### TASK BRIEF
When you copy the records, keep every word exact and leave the pictures out.
+ + + + +
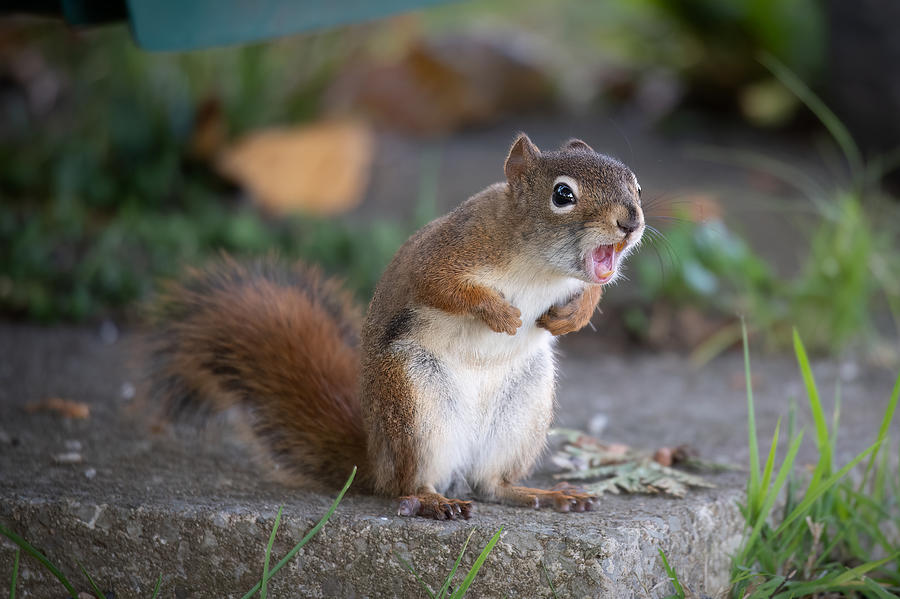 A Singing the Squirrel Blues Photograph by Lieve Snellings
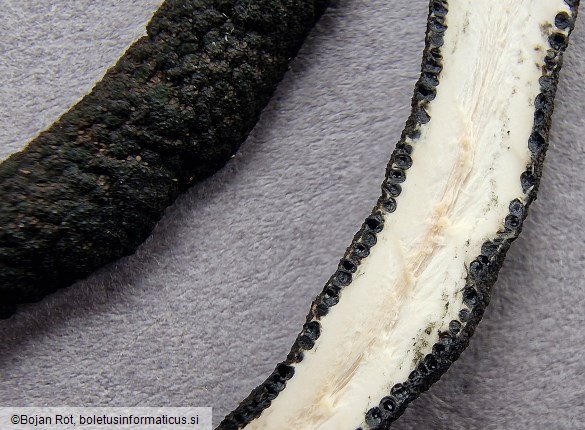 Xylaria longipes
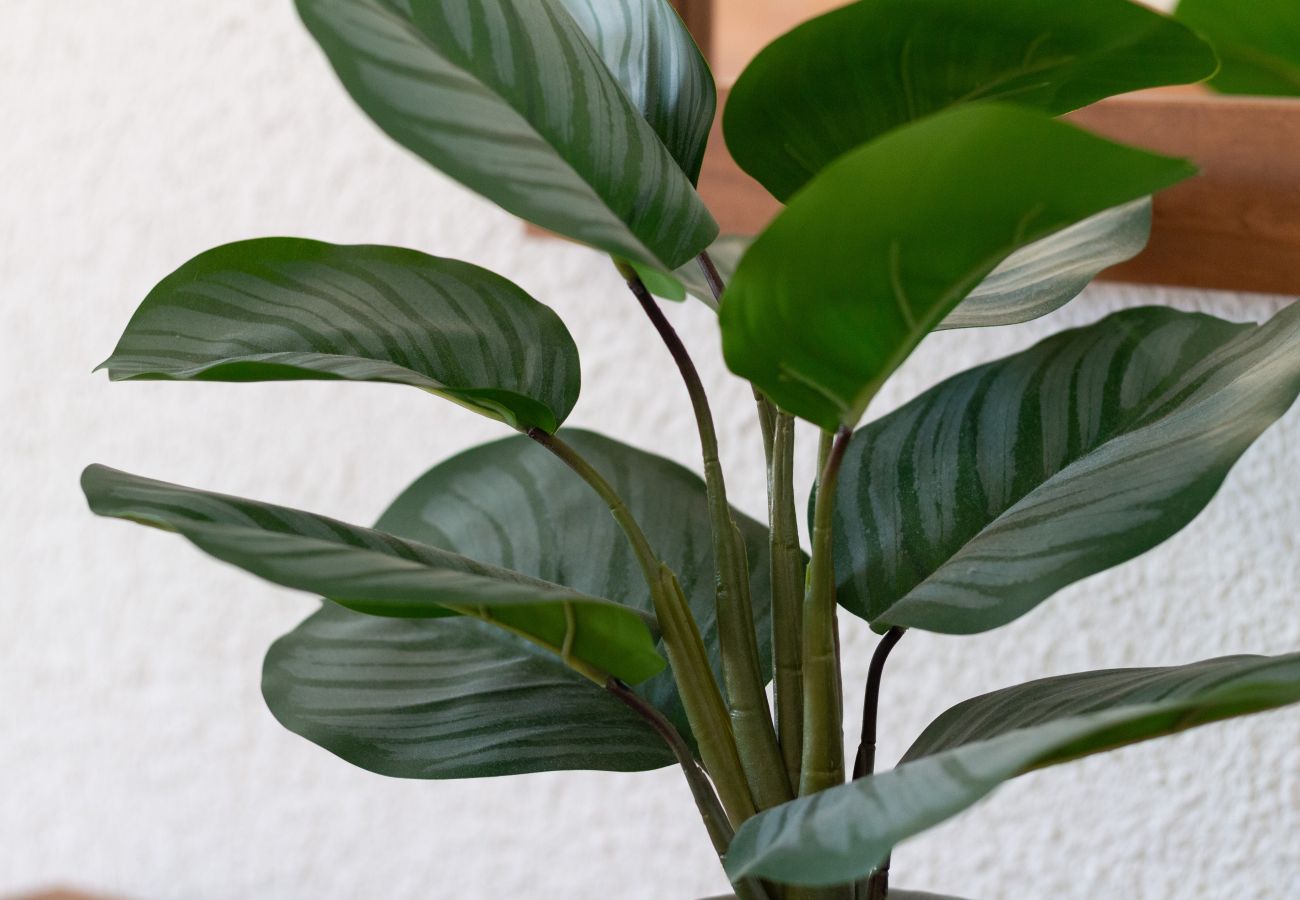 Apartamento en Santa Pola - Sol y Mar cerca del aeropuerto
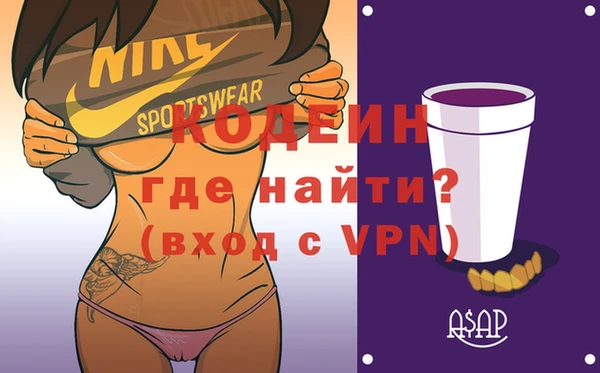 прущие грибы Елабуга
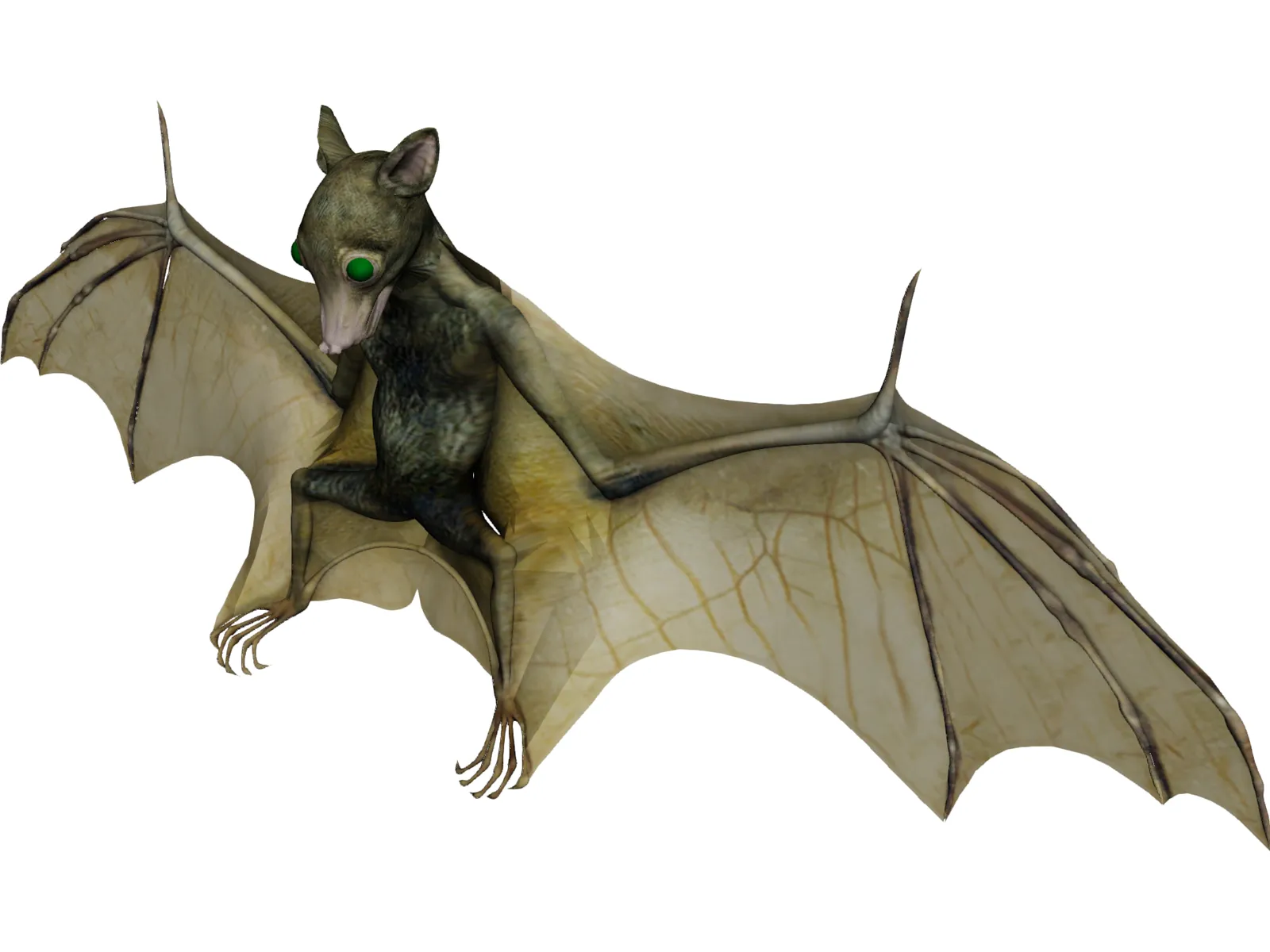 Bat 3D Model main preview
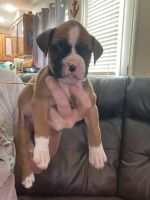 Boxer Puppies for sale in San Antonio, TX 78251, USA. price: $800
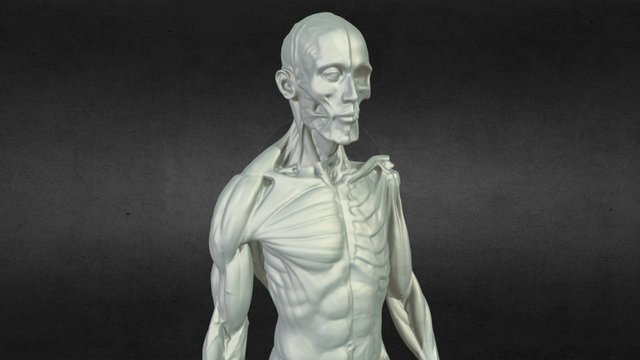 Male Anatomy Statue 3D scan 3D Model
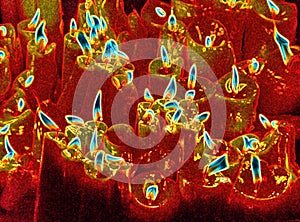 Thermo vision photograph of candles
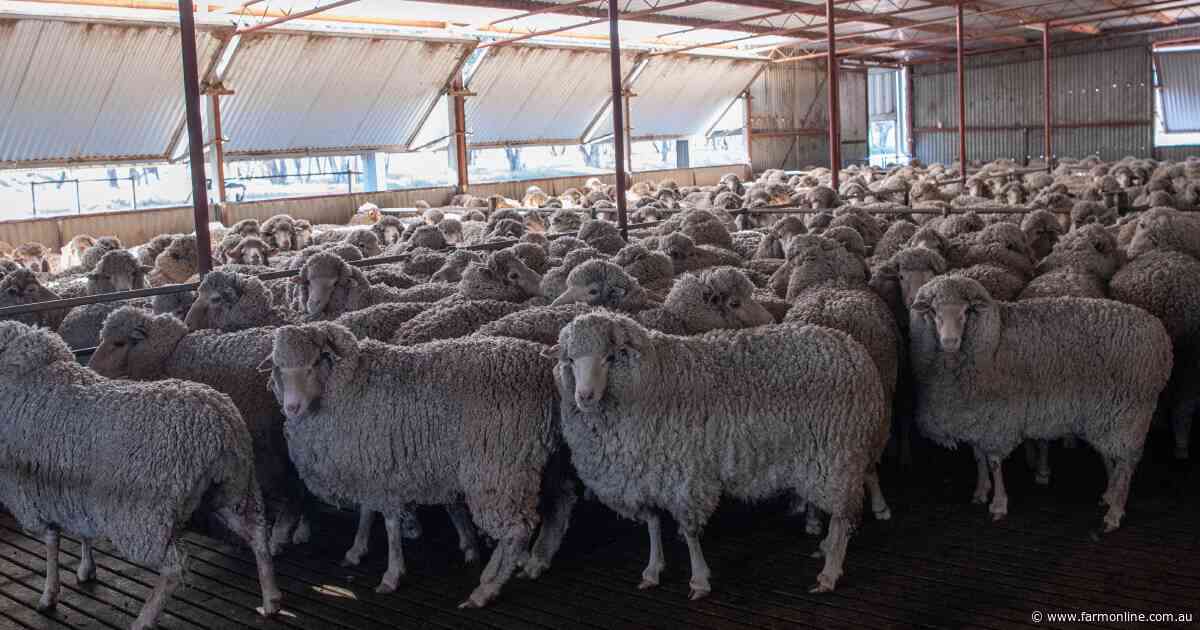 Wool shake-up: AWEX and AWTA merger discussions officially back on the table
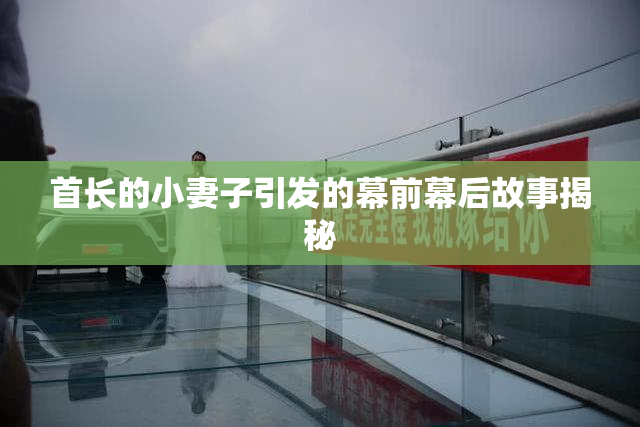 首长的小妻子引发的幕前幕后故事揭秘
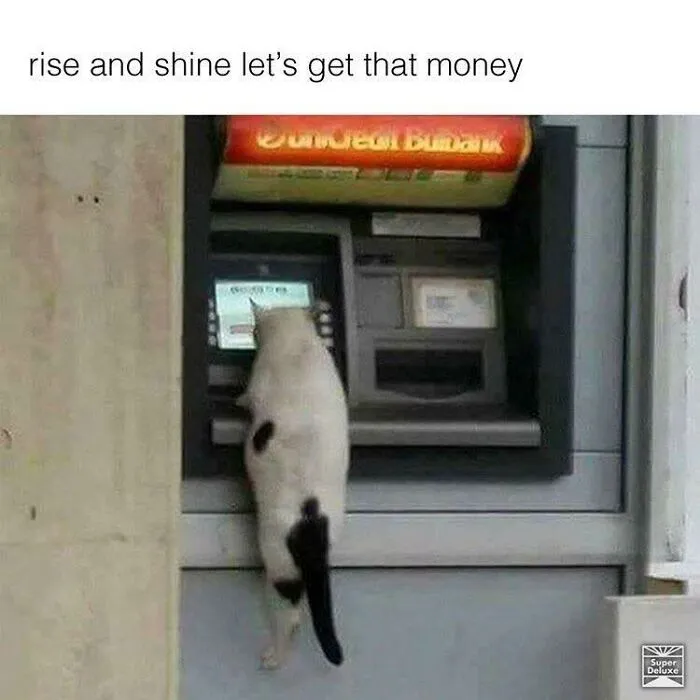 $$$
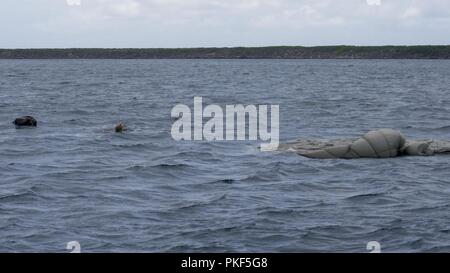 Les soldats de l'armée australienne effectuer sauts en ligne statique au cours de la formation au niveau de l'unité 'Pyrocrab' base navale à Guam, le 6 août 2018. Pyrocrab est une bi-niveau de l'unité, une formation qui porte sur le renforcement des relations et de renforcer l'interopérabilité entre les forces de la Marine américaine et australienne. EODMU-5 est attribuée à commandant de la Force 75, la task force expéditionnaire principale responsable de la planification et l'exécution des opérations fluviales côtières, des explosifs et munitions, d'ingénierie et de construction, plongée sous-marine et de construction dans la 7e flotte américaine zone d'opérations. Banque D'Images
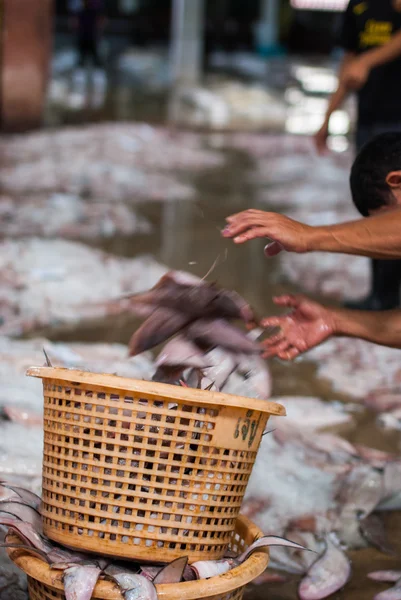 Pescadores arrojan pescado a la cesta —  Fotos de Stock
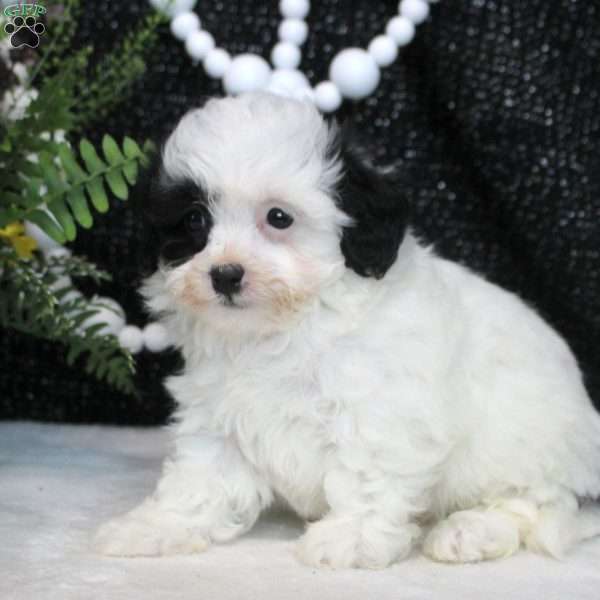 Nessa, Shih Tzu Mix Puppy
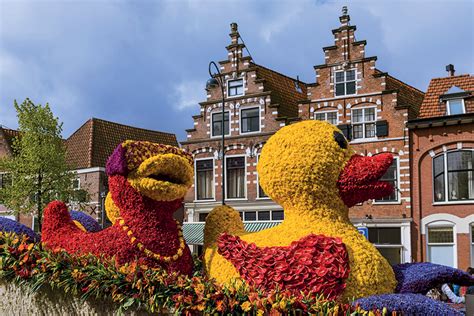 Circuit La Hollande Le Corso Fleuri Et Les Tulipes Du Parc Keukenhof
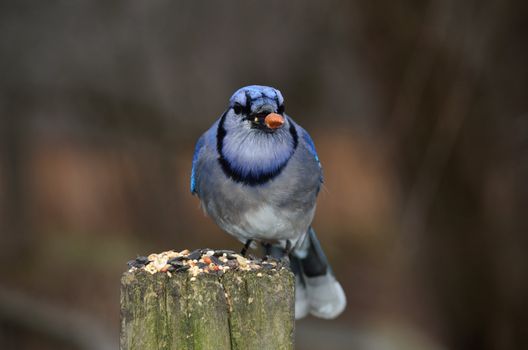 A blue jay perched on a post with bird seed.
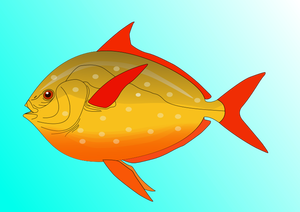 Fish vector art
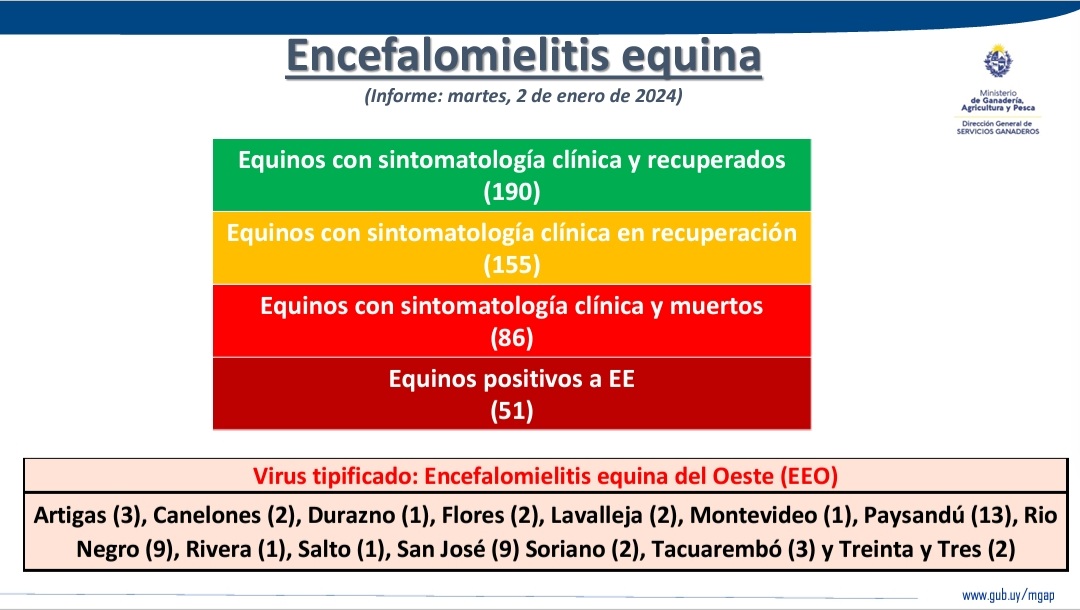 🔴 Encefalomielitis equina: última actualización de datos del <a href="/MGAPUruguay/">MGAP</a>.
+ + + + +
### THE COMPLETED TASK
 A Singing the Squirrel Blues Photograph by Lieve Snellings
 Xylaria longipes
 Apartamento en Santa Pola - Sol y Mar cerca del aeropuerto
 прущие грибы Елабуга
 Bat 3D Model main preview
 Boxer Puppies for sale in San Antonio, TX 78251, USA. price: $800
 Male Anatomy Statue 3D scan 3D Model
 Thermo vision photograph of candles
 Wool shake-up: AWEX and AWTA merger discussions officially back on the table
 首长的小妻子引发的幕前幕后故事揭秘
 $$$
 Les soldats de l'armée australienne effectuer sauts en ligne statique au cours de la formation au niveau de l'unité 'Pyrocrab' base navale à Guam, le 6 août 2018. Pyrocrab est une bi-niveau de l'unité, une formation qui porte sur le renforcement des relations et de renforcer l'interopérabilité entre les forces de la Marine américaine et australienne. EODMU-5 est attribuée à commandant de la Force 75, la task force expéditionnaire principale responsable de la planification et l'exécution des opérations fluviales côtières, des explosifs et munitions, d'ingénierie et de construction, plongée sous-marine et de construction dans la 7e flotte américaine zone d'opérations. Banque D'Images
 Pescadores arrojan pescado a la cesta —  Fotos de Stock
 Nessa, Shih Tzu Mix Puppy
 Circuit La Hollande Le Corso Fleuri Et Les Tulipes Du Parc Keukenhof
 A blue jay perched on a post with bird seed.
 Fish vector art
 🔴 Encefalomielitis equina: última actualización de datos del <a href="/MGAPUruguay/">MGAP</a>.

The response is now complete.